_YOUR OBJECTIVE:_ Print each entry again exactly as written, and keep the pictures out.

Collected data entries
*** Block opens ***
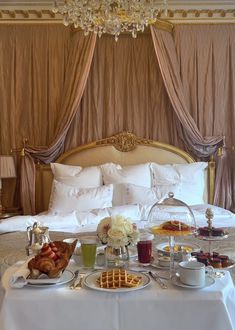 a bed room with a neatly made bed and trays of food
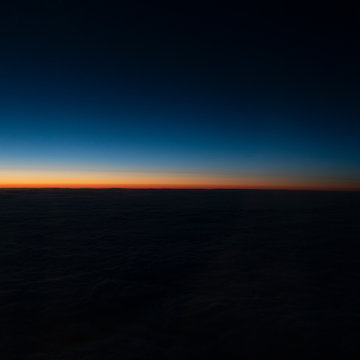 Sunset seen from airplane window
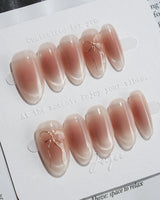 Glowing Blush press-on nails — Transparent Blush Cat Eye, Simple Silver Bow Outline. handmade nail art by Joyee Nails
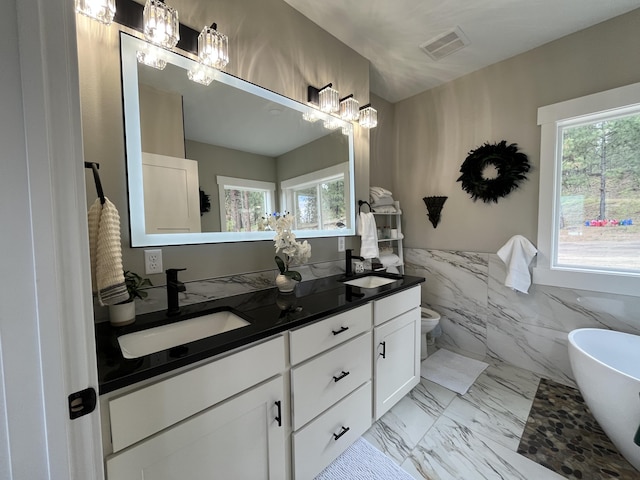full bath featuring a chandelier, healthy amount of natural light, marble finish flooring, a freestanding bath, and wainscoting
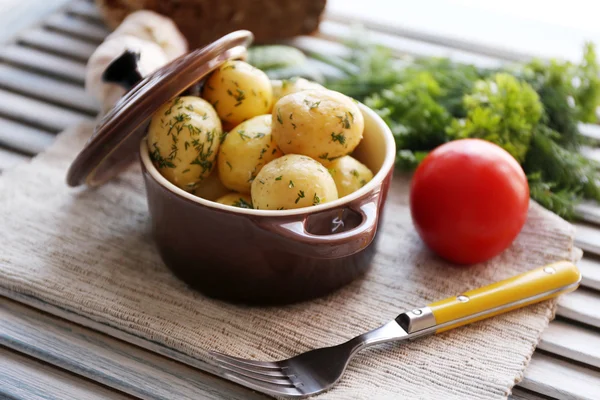 As batatas fervidas jovens na panela na mesa de madeira — Fotografia de Stock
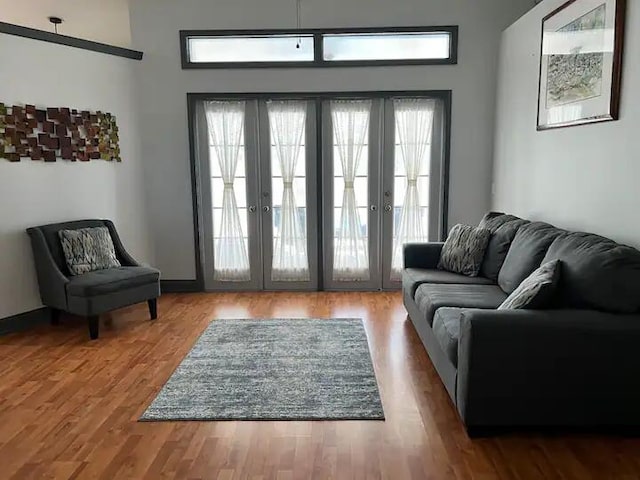 interior space featuring a healthy amount of sunlight, a towering ceiling, hardwood / wood-style floors, and french doors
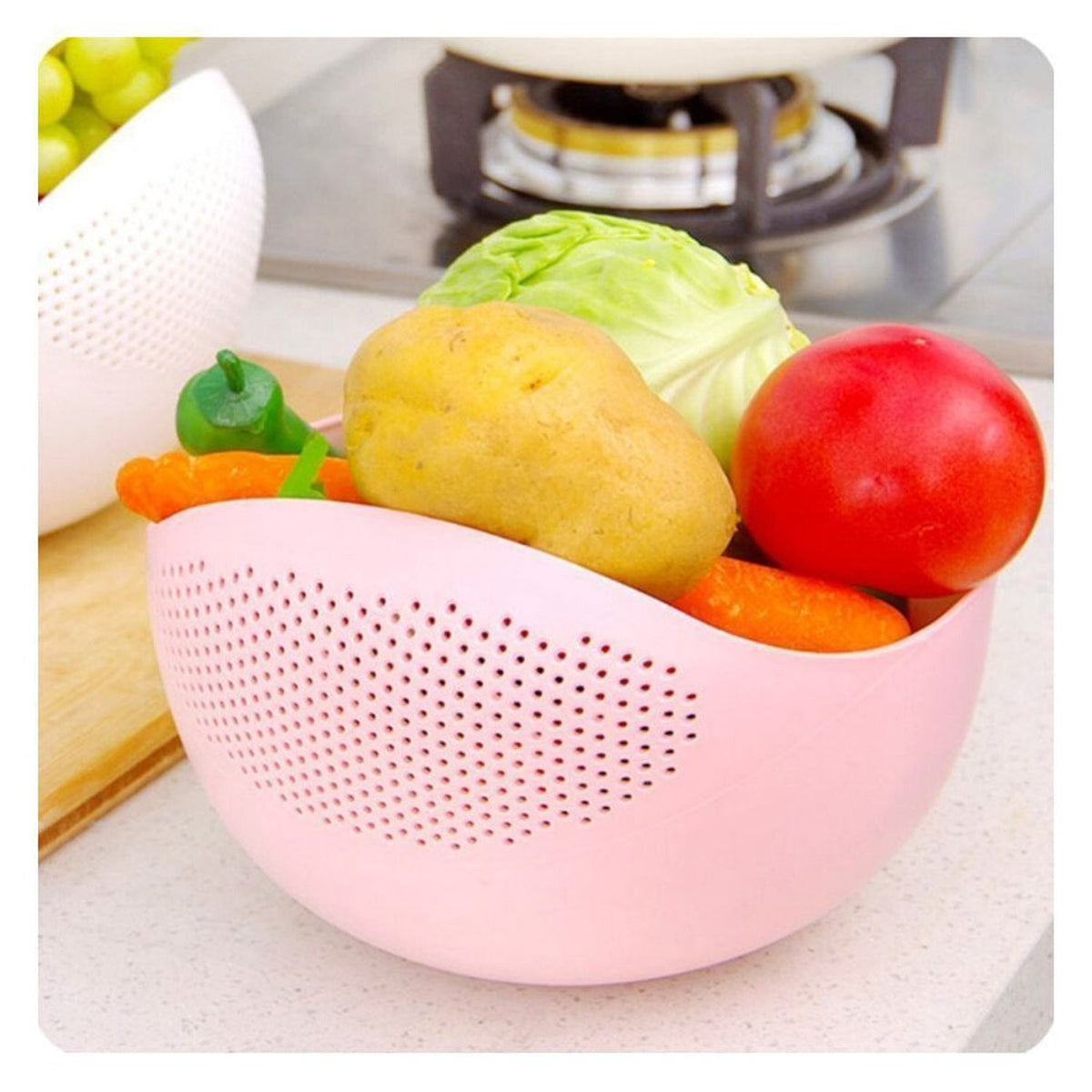 Plastic rice strainer bowl with a handle for washing and draining rice.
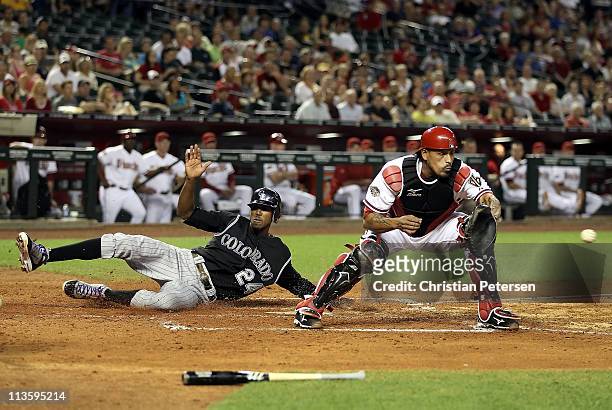 Dexter Fowler of the Colorado Rockies safely slides in to score a run past catcher Henry Blanco of the Arizona Diamondbacks during the fifth inning...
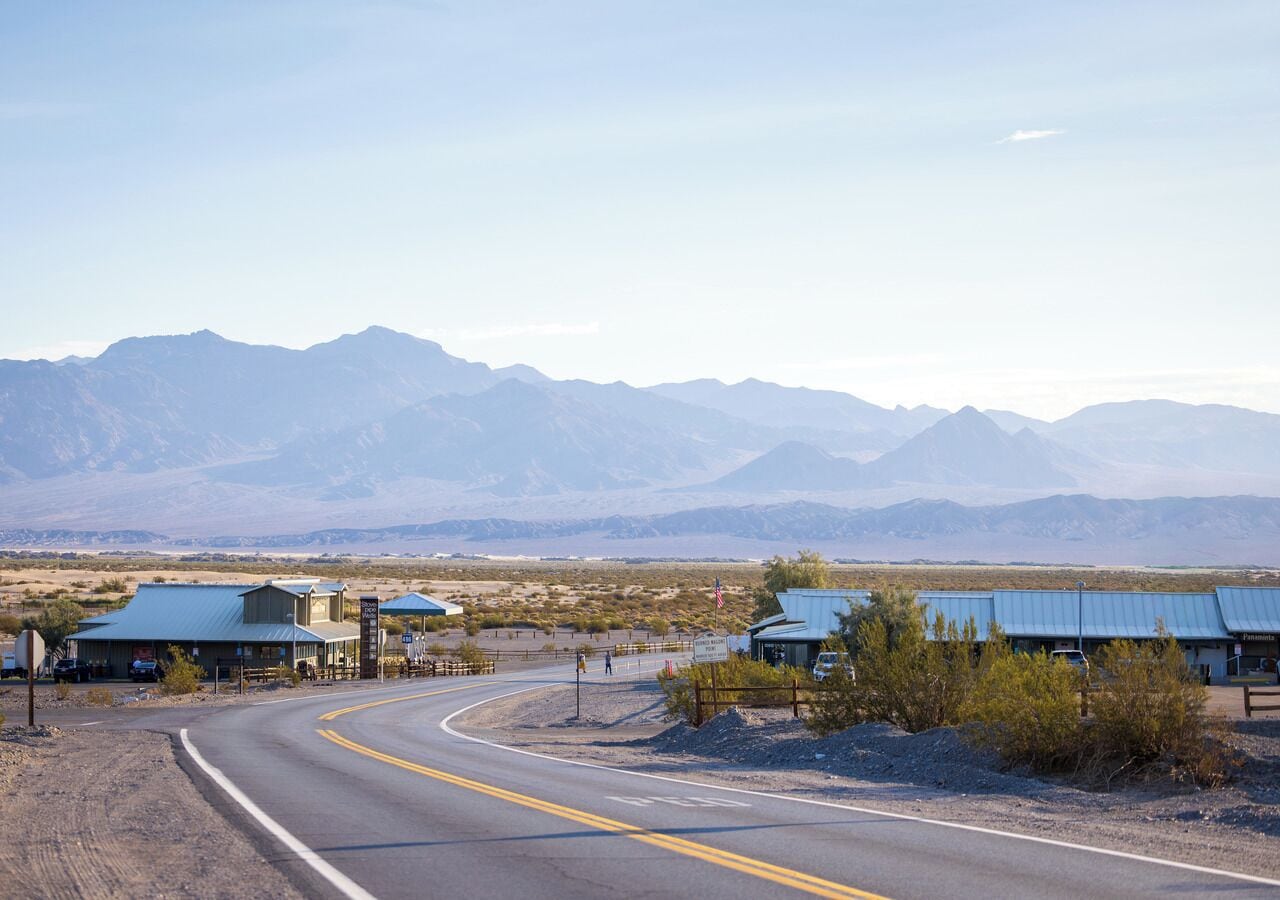 A road curving through a desert landscape with mountains in the background. There are buildings with blue roofs along the roadside.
*** Block closes ***
_PROBLEM SOLUTION:_
 a bed room with a neatly made bed and trays of food
 Sunset seen from airplane window
 Glowing Blush press-on nails — Transparent Blush Cat Eye, Simple Silver Bow Outline. handmade nail art by Joyee Nails
full bath featuring a chandelier, healthy amount of natural light, marble finish flooring, a freestanding bath, and wainscoting
 As batatas fervidas jovens na panela na mesa de madeira — Fotografia de Stock
 interior space featuring a healthy amount of sunlight, a towering ceiling, hardwood / wood-style floors, and french doors
 Plastic rice strainer bowl with a handle for washing and draining rice.
 Dexter Fowler of the Colorado Rockies safely slides in to score a run past catcher Henry Blanco of the Arizona Diamondbacks during the fifth inning...
 A road curving through a desert landscape with mountains in the background. There are buildings with blue roofs along the roadside.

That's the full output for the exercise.